The book is an analytical survey of the thought about painting and
sculpture as it unfolded from the early eighteenth to the
mid-nineteenth centuries. This was the period during which theories
of the visual arts, particularly of painting and sculpture,
underwent a radical transformation, as a result of which the
intellectual foundations of our modern views on the arts were
formed. Because this transformation can only be understood when
seen in a broad context of cultural, aesthetic and philosophical
developments of the period, Moshe Barasch surveys the opinions of
the artists, and also treats in some detail the doctrines of
philosophers, poets and critics. Barasch thus traces for the reader
the entire development of modernism in art and art theory.
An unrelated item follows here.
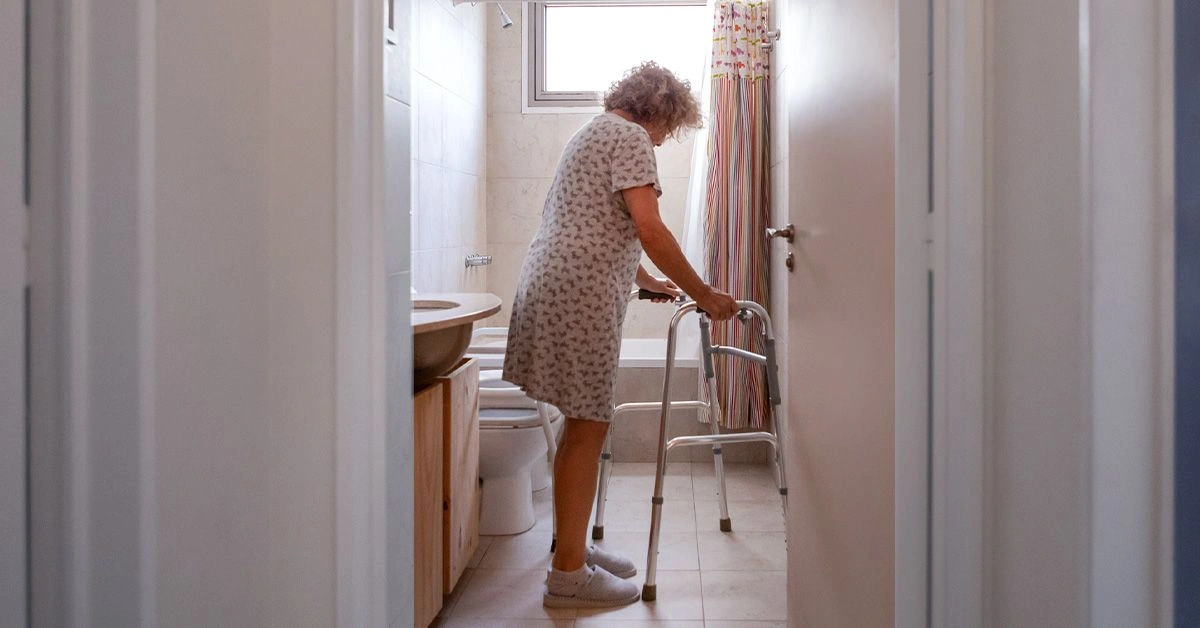 Hemorrhoids vs. Colorectal Cancer: Comparing Symptoms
The aesthetic and intellectual developments of the eighteenth
and nineteenth centuries that changed our views of the artistic
image emphasized some central problems of critical reflection that
became the major themes of any thought on art. The artistic symbol,
the comprehensive system of the arts, and the relationship of one
art with another are discussed in detail. We see the origins of a
new perception of the artist's position, as well as the rise of new
values in art, such as the role of the grotesque and the ugly in
art. In his discussion of Baudelaire's analysis of Goya's monsters,
Barasch concludes that the modern world is reflected in art whose
beauty is independent of the beauty of nature. The book includes
thirty-one black and white illustrations.